> Material provided:
§ §
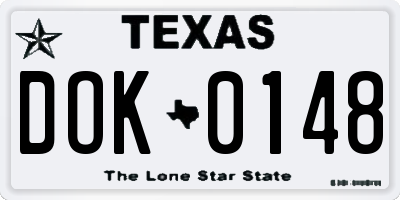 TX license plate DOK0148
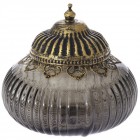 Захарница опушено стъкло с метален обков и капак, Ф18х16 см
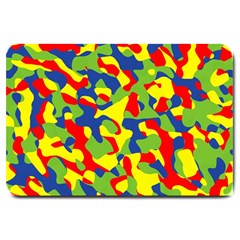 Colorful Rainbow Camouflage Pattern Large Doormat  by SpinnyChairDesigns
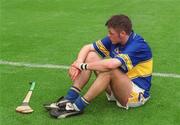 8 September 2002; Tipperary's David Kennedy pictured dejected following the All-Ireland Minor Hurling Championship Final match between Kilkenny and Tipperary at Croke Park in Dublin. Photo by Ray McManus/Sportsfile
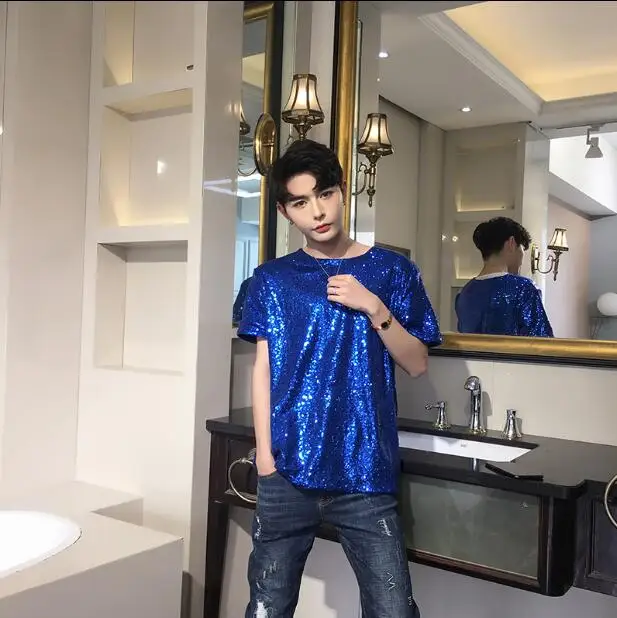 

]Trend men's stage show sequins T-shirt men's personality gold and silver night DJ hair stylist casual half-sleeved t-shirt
§ §
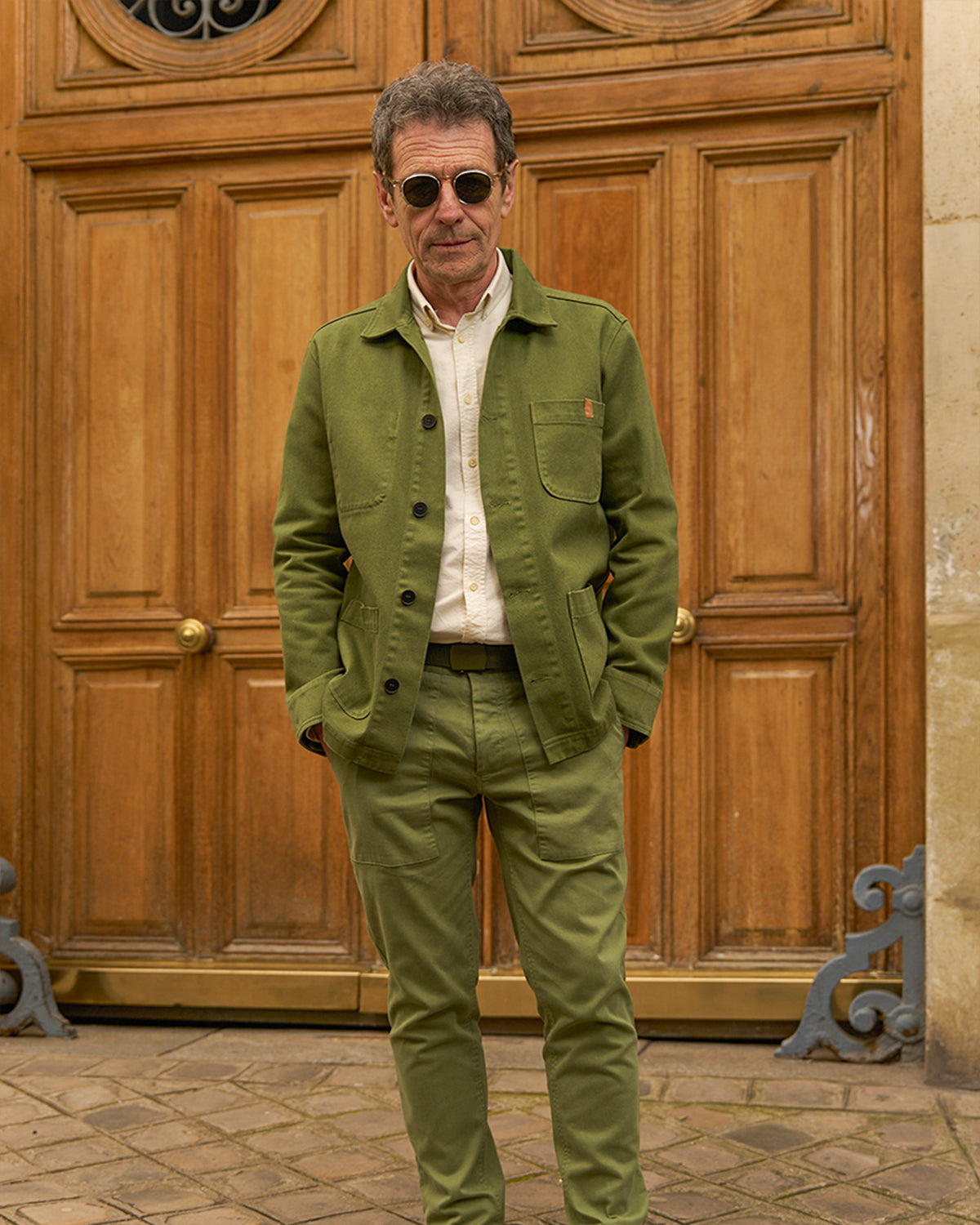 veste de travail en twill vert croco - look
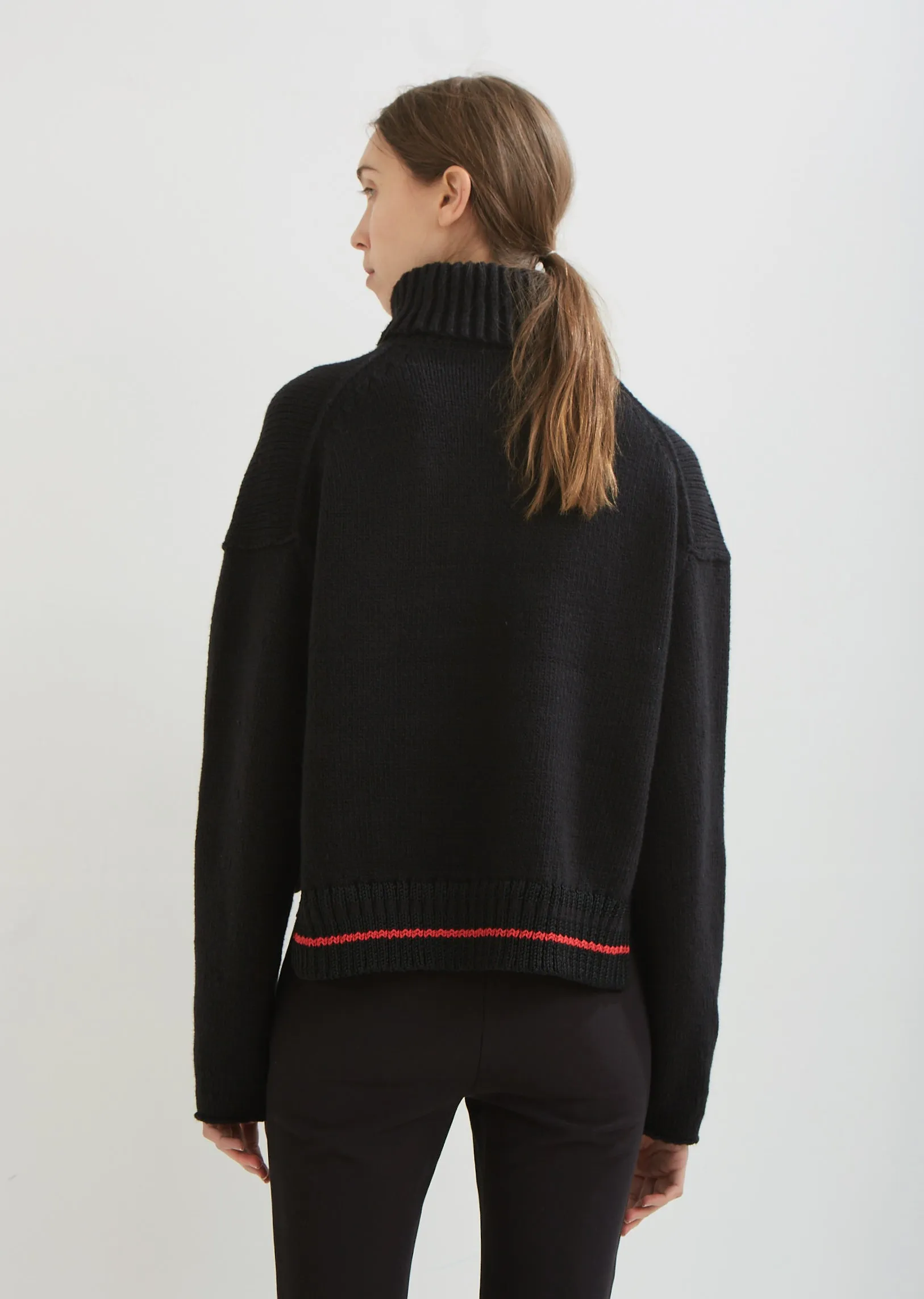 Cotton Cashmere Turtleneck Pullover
§ §
> Task description: Above are some records. Output exactly the lines from the one that contains "TX license plate DOK0148" to the one that contains "casual half-sleeved t-shirt", keeping both, and omit the pictures.

> Exercise output:
 TX license plate DOK0148
 Захарница опушено стъкло с метален обков и капак, Ф18х16 см
 Colorful Rainbow Camouflage Pattern Large Doormat  by SpinnyChairDesigns
 8 September 2002; Tipperary's David Kennedy pictured dejected following the All-Ireland Minor Hurling Championship Final match between Kilkenny and Tipperary at Croke Park in Dublin. Photo by Ray McManus/Sportsfile

]Trend men's stage show sequins T-shirt men's personality gold and silver night DJ hair stylist casual half-sleeved t-shirt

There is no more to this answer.